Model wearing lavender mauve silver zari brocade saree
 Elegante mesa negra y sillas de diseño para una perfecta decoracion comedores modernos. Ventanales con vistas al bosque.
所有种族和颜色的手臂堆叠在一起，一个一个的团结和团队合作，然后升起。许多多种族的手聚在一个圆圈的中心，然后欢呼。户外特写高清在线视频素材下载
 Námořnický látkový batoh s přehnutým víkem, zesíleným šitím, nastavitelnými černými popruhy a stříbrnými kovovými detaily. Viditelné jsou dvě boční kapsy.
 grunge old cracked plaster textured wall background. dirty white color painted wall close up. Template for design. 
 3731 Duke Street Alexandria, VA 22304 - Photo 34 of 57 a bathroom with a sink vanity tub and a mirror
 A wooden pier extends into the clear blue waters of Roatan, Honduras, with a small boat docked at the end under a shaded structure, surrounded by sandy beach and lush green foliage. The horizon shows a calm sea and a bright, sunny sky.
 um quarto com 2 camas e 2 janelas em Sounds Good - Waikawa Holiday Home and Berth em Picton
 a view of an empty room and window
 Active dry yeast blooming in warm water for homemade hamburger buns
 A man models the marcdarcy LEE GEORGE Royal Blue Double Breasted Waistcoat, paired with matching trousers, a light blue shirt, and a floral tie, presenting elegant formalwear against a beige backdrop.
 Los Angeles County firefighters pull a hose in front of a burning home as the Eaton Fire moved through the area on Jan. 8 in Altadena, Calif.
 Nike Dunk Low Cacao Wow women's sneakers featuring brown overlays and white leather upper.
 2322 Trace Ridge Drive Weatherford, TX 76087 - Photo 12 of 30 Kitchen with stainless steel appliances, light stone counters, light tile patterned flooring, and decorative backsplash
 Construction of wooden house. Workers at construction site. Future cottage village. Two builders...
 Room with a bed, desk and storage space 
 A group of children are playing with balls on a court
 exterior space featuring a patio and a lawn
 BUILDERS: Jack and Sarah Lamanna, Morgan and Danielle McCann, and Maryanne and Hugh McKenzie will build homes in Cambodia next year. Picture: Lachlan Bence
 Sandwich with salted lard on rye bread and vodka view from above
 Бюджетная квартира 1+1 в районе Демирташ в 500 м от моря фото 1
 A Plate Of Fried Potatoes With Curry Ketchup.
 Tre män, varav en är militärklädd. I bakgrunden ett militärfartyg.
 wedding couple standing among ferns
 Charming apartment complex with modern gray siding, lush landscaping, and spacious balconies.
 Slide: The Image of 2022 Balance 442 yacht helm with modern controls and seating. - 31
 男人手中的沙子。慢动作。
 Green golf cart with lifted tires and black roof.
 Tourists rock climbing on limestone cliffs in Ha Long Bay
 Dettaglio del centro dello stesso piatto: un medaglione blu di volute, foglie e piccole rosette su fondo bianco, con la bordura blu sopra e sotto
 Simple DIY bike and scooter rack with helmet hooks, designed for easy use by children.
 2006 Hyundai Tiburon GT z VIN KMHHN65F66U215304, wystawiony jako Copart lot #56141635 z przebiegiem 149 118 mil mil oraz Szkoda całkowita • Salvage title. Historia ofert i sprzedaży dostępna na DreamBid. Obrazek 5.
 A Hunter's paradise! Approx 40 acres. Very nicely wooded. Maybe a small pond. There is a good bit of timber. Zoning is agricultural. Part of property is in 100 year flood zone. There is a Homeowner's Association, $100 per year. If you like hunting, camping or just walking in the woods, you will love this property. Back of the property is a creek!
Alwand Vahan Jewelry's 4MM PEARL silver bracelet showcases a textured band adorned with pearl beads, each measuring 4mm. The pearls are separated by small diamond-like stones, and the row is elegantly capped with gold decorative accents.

________________________________________

> **EXERCISE OBJECTIVE**
Output, please, only the lines running from the start of the entries through the line that contains "Námořnický látkový batoh", including both of those lines.

> **TASK RESPONSE**
Model wearing lavender mauve silver zari brocade saree
 Elegante mesa negra y sillas de diseño para una perfecta decoracion comedores modernos. Ventanales con vistas al bosque.
所有种族和颜色的手臂堆叠在一起，一个一个的团结和团队合作，然后升起。许多多种族的手聚在一个圆圈的中心，然后欢呼。户外特写高清在线视频素材下载
 Námořnický látkový batoh s přehnutým víkem, zesíleným šitím, nastavitelnými černými popruhy a stříbrnými kovovými detaily. Viditelné jsou dvě boční kapsy.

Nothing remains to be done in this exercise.